Otorgar “mérito ejecutivo a esta resolución en contra del contratista y la aseguradora, mediante procedimiento ejecutivo singular ante la jurisdicción de lo Contencioso Administrativo, para lo cual deberá integrarse un título ejecutivo complejo compuesto por el contrato, acta de terminación y la póliza única donde se encuentra el manejo y buena inversión del anticipo y cumplimiento”.

Notificar personalmente la resolución tanto al contratista Jairo Guillermo Alarcón como a la aseguradora Compañía Latinoamericana de Seguros S.A. por intermedio de su representante legal haciéndoles saber que: a) de acuerdo a los artículos 4º, numeral 9º artículo 25 numeral 5º y artículo 68 de la Ley 80 de 1993, existe el mecanismo de solución alternativo de lo ordenado en la resolución. B) contra este acto administrativo procede el recurso de reposición ante el mismo funcionario que lo expide, dentro de los cinco días siguientes a la notificación personal. (Documentos públicos, fls. 48 a 51).
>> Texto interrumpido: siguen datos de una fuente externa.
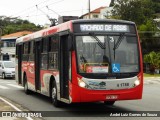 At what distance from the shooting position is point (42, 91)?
55.2ft

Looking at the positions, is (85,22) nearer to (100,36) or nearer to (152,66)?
(100,36)

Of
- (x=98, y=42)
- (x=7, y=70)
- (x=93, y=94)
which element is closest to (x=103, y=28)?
(x=98, y=42)

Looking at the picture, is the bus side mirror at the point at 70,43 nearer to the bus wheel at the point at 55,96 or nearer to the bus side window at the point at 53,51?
the bus side window at the point at 53,51

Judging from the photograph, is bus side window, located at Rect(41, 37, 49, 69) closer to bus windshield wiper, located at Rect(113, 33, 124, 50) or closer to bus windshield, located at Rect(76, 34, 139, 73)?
bus windshield, located at Rect(76, 34, 139, 73)

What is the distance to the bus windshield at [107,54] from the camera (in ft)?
41.2

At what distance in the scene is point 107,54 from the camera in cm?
1269

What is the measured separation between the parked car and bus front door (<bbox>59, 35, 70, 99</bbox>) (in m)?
23.6

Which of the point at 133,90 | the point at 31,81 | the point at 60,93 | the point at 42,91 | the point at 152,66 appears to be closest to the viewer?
the point at 133,90

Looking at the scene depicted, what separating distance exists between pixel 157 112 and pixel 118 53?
2.15 m

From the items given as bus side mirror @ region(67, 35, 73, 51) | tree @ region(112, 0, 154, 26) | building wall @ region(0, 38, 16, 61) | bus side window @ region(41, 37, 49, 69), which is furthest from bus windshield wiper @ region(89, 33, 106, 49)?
building wall @ region(0, 38, 16, 61)

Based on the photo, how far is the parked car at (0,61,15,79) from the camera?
121ft

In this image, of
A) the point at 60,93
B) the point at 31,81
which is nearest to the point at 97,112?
the point at 60,93

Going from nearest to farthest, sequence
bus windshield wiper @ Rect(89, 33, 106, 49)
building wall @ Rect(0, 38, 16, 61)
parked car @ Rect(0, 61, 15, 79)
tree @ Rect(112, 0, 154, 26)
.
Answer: bus windshield wiper @ Rect(89, 33, 106, 49)
parked car @ Rect(0, 61, 15, 79)
tree @ Rect(112, 0, 154, 26)
building wall @ Rect(0, 38, 16, 61)

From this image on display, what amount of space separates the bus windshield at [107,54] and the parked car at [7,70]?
24886 mm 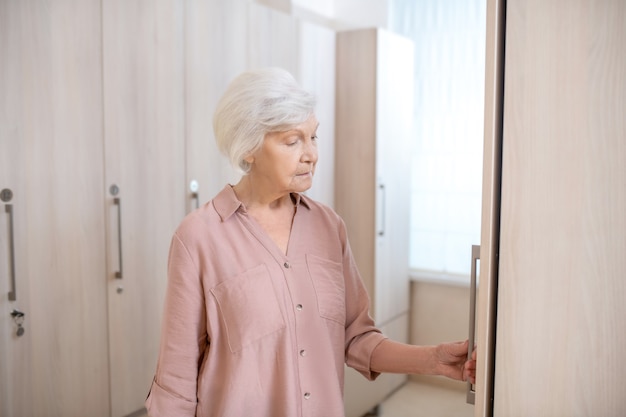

2. Se declaran no probadas las excepciones de mérito propuestas por Jairo Guillermo Alarcón Africano.

3. Como consecuencia del numeral primero de esta providencia se modifica el mandamiento de pago; las órdenes en él fijadas se entienden dirigidas únicamente en contra de Jairo Guillermo Alarcón Africano.

4. Ordénase seguir adelante con la ejecución.

5. Ordénase el remate y avalúo de los bienes que por cualquier causa se llegaren a embargar dentro del presente proceso, previo su secuestro, para que con su producto se le pague a la entidad pública ejecutante la totalidad de la obligación, tal como se ordenó en el numeral tercero de este fallo, que modificó el mandamiento ejecutivo.

6 Practíquese la liquidación del crédito, en la forma y términos indicados en el artículo 251 del C. de P.C.

7. Condénase en costas sólo a Jairo Guillermo Alarcón Africano.

Cópiese, notifíquese, publíquese y cúmplase.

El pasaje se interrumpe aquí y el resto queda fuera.